The Club has taken the position that the license it granted to Tom for exclusive
possession of Cabana D-9 has expired.
Said license expiration triggers RPAPL§ 713(7) that requires the Club to serve Tom
with a ten-day notice to quit and then commence a special proceeding to secure a warrant of
eviction to be executed by a Sheriff.
A special proceeding may be maintained under this article after a ten-day
notice to quit has been served upon the respondent in the manner prescribed
in section 735, upon the following grounds:
7. He is a licensee of the person entitled to possession of the property at the
time of the license, and (a) his license has expired, [Emphasis added.]
RPAPL § 713
There are 3 statutes that control staying said special proceeding while Tom appeals the
Order that terminated the stay that allowed Tom to remain in possession.
The first, CPLR 5519(a)(6), provides an automatic stay of a proceeding:
§ 5519. Stay of enforcement. (a) Stay without court order.

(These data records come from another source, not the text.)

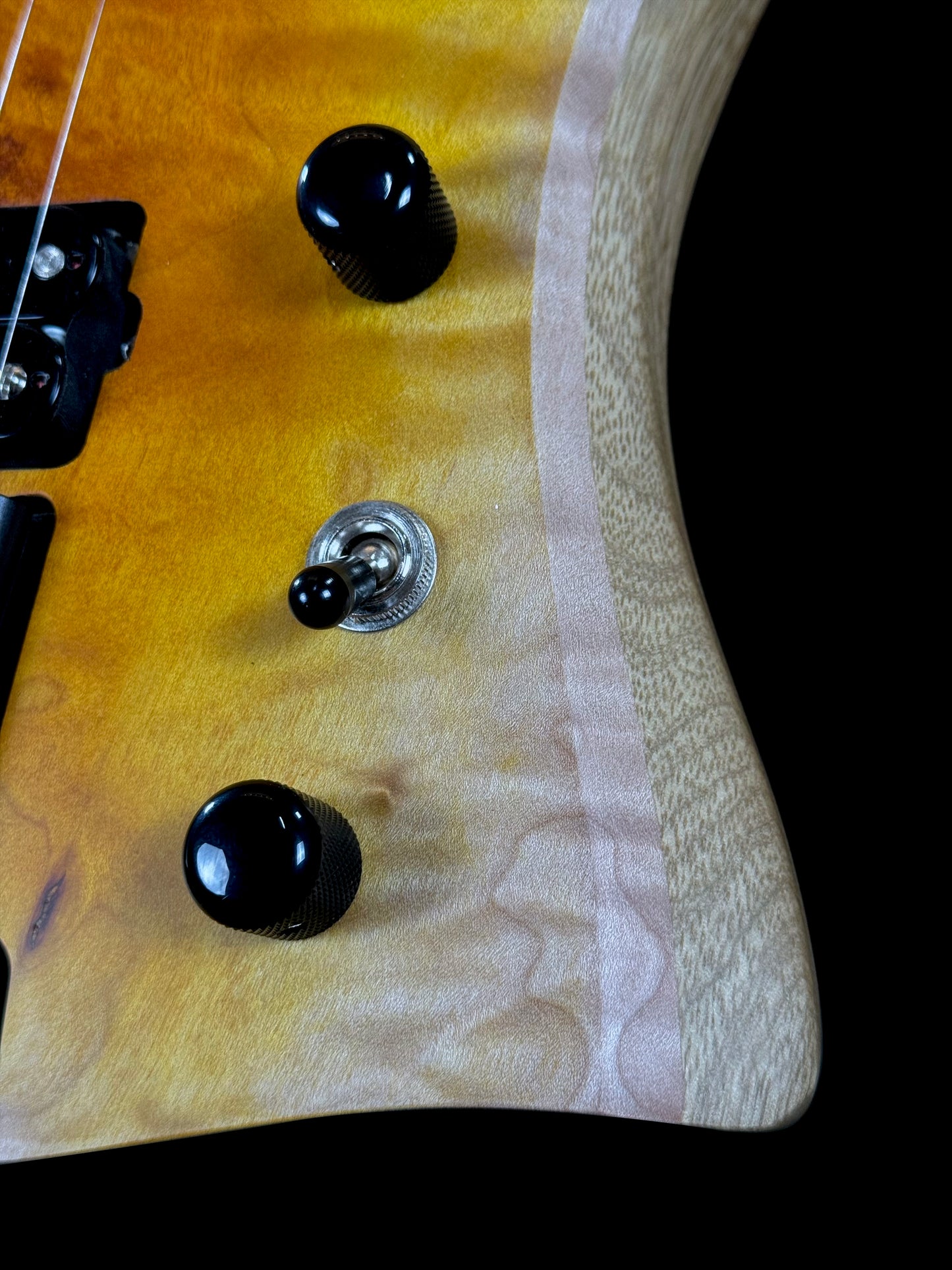 OD Guitars Minerva | Matte Amber Mid Burst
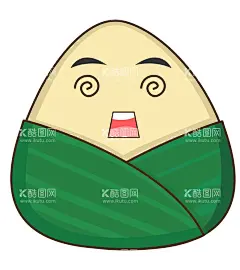 粽子  - 源文件下载【酷图网】端午,端午节,端午素材,端午元素,表情包,粽子素材,粽子元素,粽叶,屈原,纪念,可爱,卡通,元素,素材,粽子,表情,矢量,设计,粽子手举牌,手举牌,头晕,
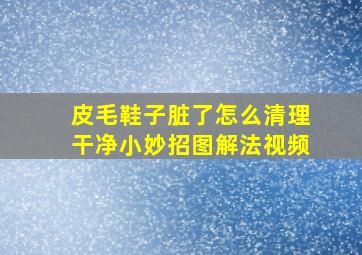 皮毛鞋子脏了怎么清理干净小妙招图解法视频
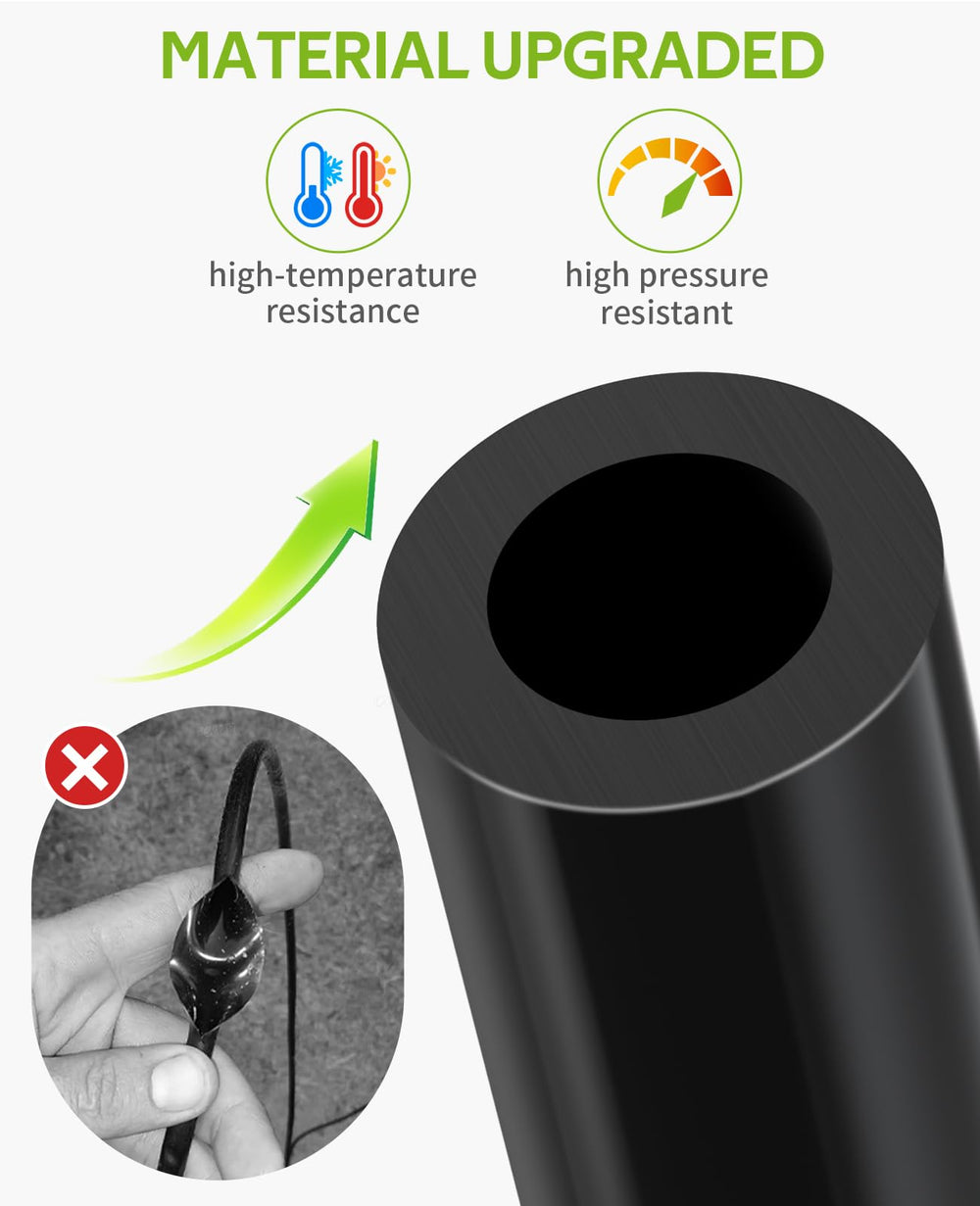 Close-up of quick-connect fittings in HIRALIY drip irrigation kit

Service
upon the adverse party of a notice of appeal or an affidavit of
intention to move for permission to appeal stays all proceedings to
enforce the judgment or order appealed from pending the appeal or
determination on the motion for permission to appeal where:
6. the appellant or moving party is in possession or control of real property
which the judgment or order directs be conveyed or delivered, and an
undertaking in a sum fixed by the court or original instance is given that the
appellant or moving party will not commit or suffer to be committed any waste
and that if the judgment or order appealed from, or any part of it, is affirmed,
or the appeal is dismissed, the appellant or moving party shall pay the value of
the use and occupancy of such property, or the part of it as to which the
judgment or order is affirmed, from the taking of the appeal until the delivery
of possession of the property;
CPLR § 5519(a)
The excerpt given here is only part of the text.